Overview: Which Pension Type Should You Use?

When adding a pension using the Plus (+) button → Pensions, you’ll see multiple pension options. The key difference for tax-free cash modeling is:

Money Purchase Pension

  • Assumes tax-free cash is available (typically 25%), up to the applicable allowance
  • Represents an uncrystallised pension
  • Use this option when tax-free cash is still available and you intend to model crystallisation strategies

Drawdown Pension

  • Assumes the pension has already been crystallised and tax-free cash has already been taken
  • Withdrawals are generally treated as taxable income
  • Use this option when there is no tax-free cash available (or when the pension is already in drawdown in real life)

Rule of thumb:
If tax-free cash is available, enter the pension as Money Purchase and model crystallisation. If tax-free cash is not available, enter it as Drawdown.


Step 1: Create a What-If Scenario

To model taking tax-free cash without changing your base plan, create a What-If scenario:

  1. Click What If
  2. Name the scenario (for example: “Taking Tax-Free Cash as a Lump Sum”)
  3. Create the plan

You are now working in the What-If scenario.


Step 2: Open the Pension and Apply Crystallisation Instructions

  1. From the Dashboard, go to Pensions
  2. Select the client’s pension (in this example, Sarah’s pension)
  3. On the left-hand side, locate Crystallisations
  4. Turn on crystallisation instructions by moving the Crystallisation slider to the right
  5. Set the Timing (for example: Plan Start)
  6. Select Create New Crystallisation
  7. Choose how much to crystallise:
    • In this example, crystallise the full pension pot
  8. Select the instruction to take tax-free cash as a lump sum only
  9. Click Done to save the crystallisation instruction
  10. Click Done again to exit the pension screen

Step 3: Confirm the Tax-Free Cash in the Plan

After saving the crystallisation, you should see a noticeable inflow in Year 1.

To confirm details:

  1. Turn Details on in the chart (if available) to confirm the inflow source is the pension
  2. Open Year View
  3. On the Cash Flow tab, confirm the lump sum is shown as coming from the pension

Next:

  1. Go to the Pensions tab in Year View
  2. Select the client’s pension

You should see:

  • The crystallised amount (full pension pot in this example)
  • The tax-free lump sum created from crystallisation
  • The remaining funds moved into a Drawdown pension account

Step 4: Where Does the Lump Sum Go by Default?

If the tax-free cash is not immediately used for spending, AdviserGo will direct surplus funds to a default cash holding.

To see this:

  1. In Year View, go to Investments
  2. You may see unused lump sum flowing into the client’s default cash account (used to capture surplus money unless other instructions exist)

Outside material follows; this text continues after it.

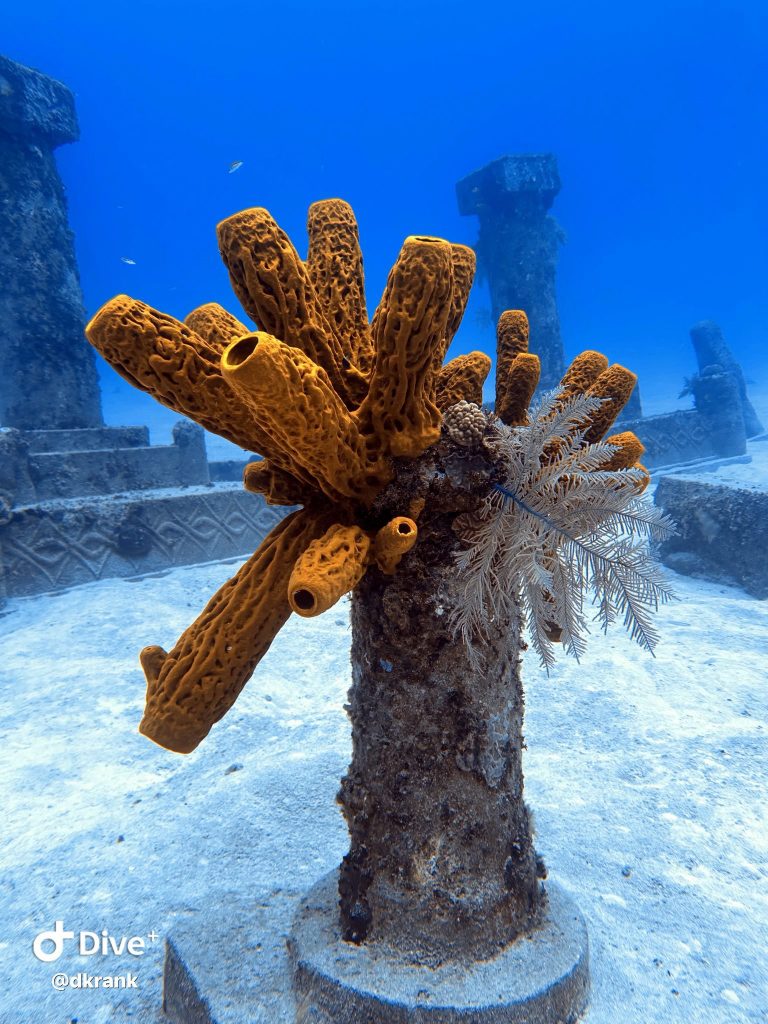 489535139_10161399123333002_2051419408631354811_n(1)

If you want the lump sum to go somewhere else (for example, an investment account), you can model a Transfer.


Step 5: Transfer the Surplus Lump Sum Into an Investment Account (Optional)

To move unused tax-free cash into an investment account:

  1. Return to the Dashboard
  2. Click the Plus (+) button
  3. Select Transfers
  4. Choose the destination account (for example: GIA — General Investment Account)
  5. Set the transfer source to:
    • All Surplus / All Available Surplus (so it captures the unused lump sum)
  6. Set Recurring to No (one-time transfer)
  7. Set the Timing to the same event/year as the crystallisation (e.g., Plan Start / Year 1)
  8. Click Done

After adding the transfer, the plan will now have explicit instructions for where the surplus goes.

To confirm:

  1. Open Year View
  2. Go to Investments
  3. Verify the lump sum is transferred into the GIA rather than remaining in the default cash account

Step 6: Compare the What-If Scenario to the Base Plan

To see the impact of taking tax-free cash:

  1. Go to Let’s See
  2. Select Compare Plans
  3. Compare the What-If scenario to the base plan

What you may notice:

  • In the base plan, pensions may remain uncrystallised and withdrawals may follow default pension withdrawal logic
  • In the What-If plan, you’ll typically see:
    • tax-free lump sum at the point of crystallisation
    • Remaining pension funds moved into Drawdown (often shown separately in charts)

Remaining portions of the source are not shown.